Task: Give the data again exactly as written, skipping any pictures.

Data segment:
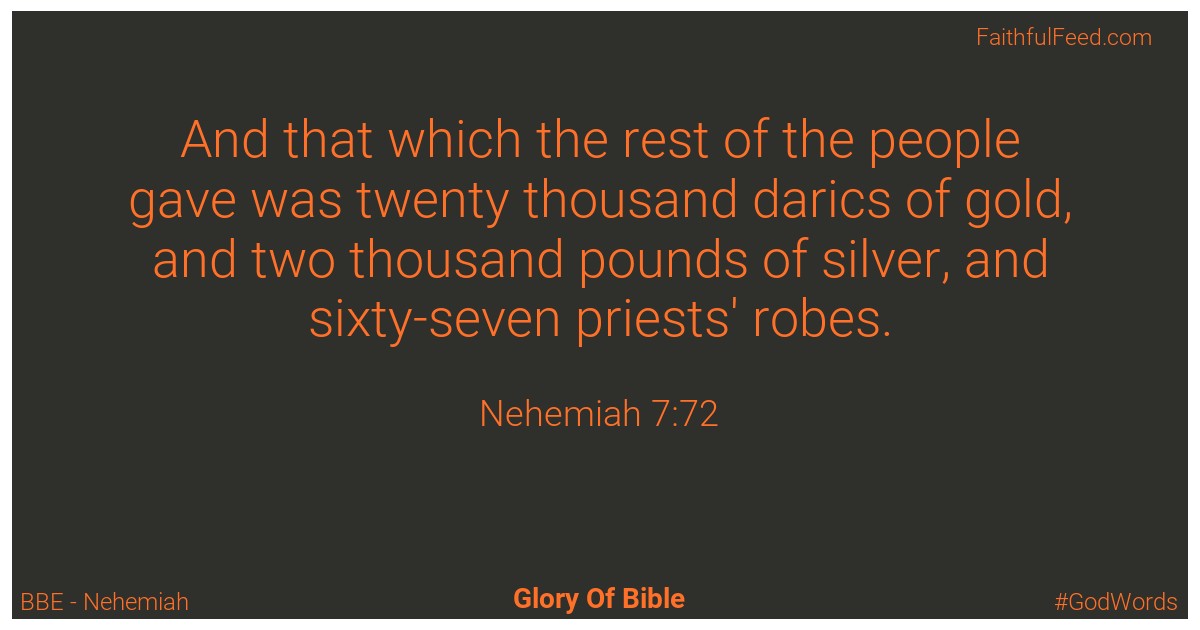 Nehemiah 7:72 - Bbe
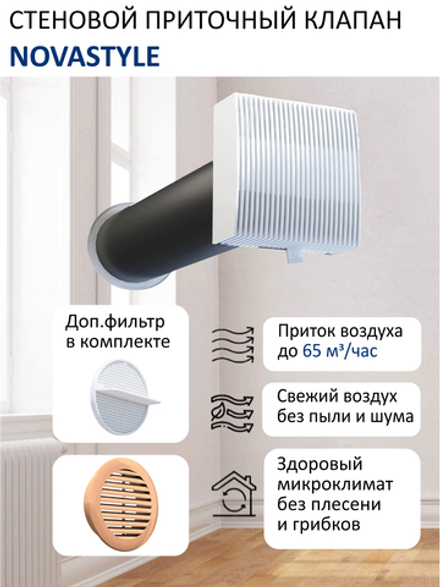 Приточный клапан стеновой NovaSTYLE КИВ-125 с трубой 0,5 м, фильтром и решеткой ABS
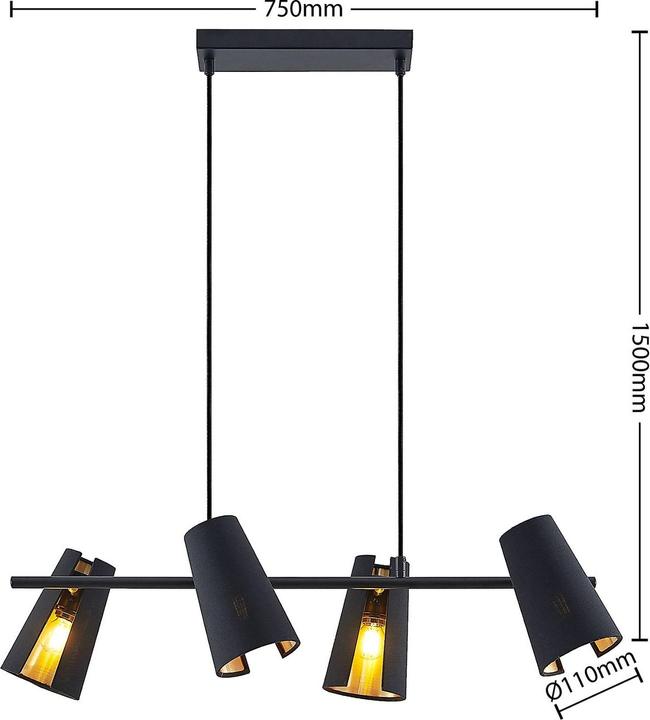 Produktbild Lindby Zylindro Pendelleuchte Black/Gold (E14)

Output of the exercise:
 Nehemiah 7:72 - Bbe
 Приточный клапан стеновой NovaSTYLE КИВ-125 с трубой 0,5 м, фильтром и решеткой ABS
 Produktbild Lindby Zylindro Pendelleuchte Black/Gold (E14)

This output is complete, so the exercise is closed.